While I can't confidently interpolate what the authors actually meant, perhaps the following is closer to the authors' meaning:
"For each member of the gene family (e.g. CER1, SOST, SOSTDC1, DAND5, NBL1, GREM1, GREM2, and a new member, GREM5), the group of species sequences corresponding to each gene is monophyletic."
Even this formulation is a bit confusing to me, as the monophyly seems to be how the authors would assign a particular sequence in a particular species to particular family member. And in any event, this gets a bit muddied when there is gene duplication. What is monophyly when for some taxa, there are duplicates, and others, there aren't? Is "recovery of monophyly" a result as implied by the authors? Or rather is it part of how the authors are classifying the sequences into family members like CER1, etc.?
Perhaps this "recovery of monophyly" could be reconciled if the authors inferred the full duplication history with synteny for every species they examined and then layered the phylogenetic analysis of the gene family on top of that. But, as far as I can tell, this was not the strategy the authors followed in most cases.
Finally, DAND5 doesn't appear to offer strong support for monophyly given that lack of support for placing the Coelacanth as sister to the other DAND5 genes. The strong synteny argument doesn't change this assessment, as it could be a brute fact that the Coelacanth sequence is simultaneously the DAND5 ortholog and there is no strong evidence of monophyly with the remaining DAND5 orthologs.
One comment relating to paralogy confused me.
"The fourth clade corresponds to the NBL1 gene, the founding member of the DAN gene family, and was recovered as monophyletic with strong support (pink clade; Fig. 1)."

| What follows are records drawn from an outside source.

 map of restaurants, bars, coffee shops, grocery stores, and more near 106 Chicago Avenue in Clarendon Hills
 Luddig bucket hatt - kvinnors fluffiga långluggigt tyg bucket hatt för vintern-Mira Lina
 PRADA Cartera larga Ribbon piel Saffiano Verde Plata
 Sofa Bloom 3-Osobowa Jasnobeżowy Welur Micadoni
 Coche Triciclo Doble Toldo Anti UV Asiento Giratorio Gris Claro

This way of discussing paralogy (ie "founding member") seems clumsy to me. Barring clear mechanistic reasons to assign one paralog the label "founder" or "parent" (e.g. the template for the RNA in retrogenes or the copy maintaining the ancestral structure in a chimeric duplicate), immediately after duplication, the copies are provisionally assumed to be redundant. And as such, it would only be confusing to label one member the "founding member". The authors even discuss this in relation to the putative redundancy between DAND5 and CER1.

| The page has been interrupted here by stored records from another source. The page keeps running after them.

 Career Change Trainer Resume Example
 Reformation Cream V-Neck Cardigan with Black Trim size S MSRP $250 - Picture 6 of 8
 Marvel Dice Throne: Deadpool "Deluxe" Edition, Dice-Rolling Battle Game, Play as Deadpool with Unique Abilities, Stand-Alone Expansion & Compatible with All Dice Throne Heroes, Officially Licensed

The discussion of cancer on pages 14 and 15 isn't well-integrated into the rest of the manuscript. The reference to RPRM and p53 in particular seems like it could be better incorporated into the narrative of the manuscript. Personally, I'd recommend dropping it, but a smoother integration could also work.
In a manuscript like this one, I would like to see more in depth discussion of sources of error. The task the authors set before themselves is quite ambitious and requires marshaling a lot of data from many genes across many different taxa. These taxa were sequenced by different groups, at different times, with different technology, exhibit different levels of contiguity and likely accuracy and completeness, etc. Sources of error can include errors in multiple alignment, misannotation of the genes, and evolution in gene structure, all of which can lead to aligned non-homologous residues. Moreover, low assembly or annotation completeness can lead to missing genes.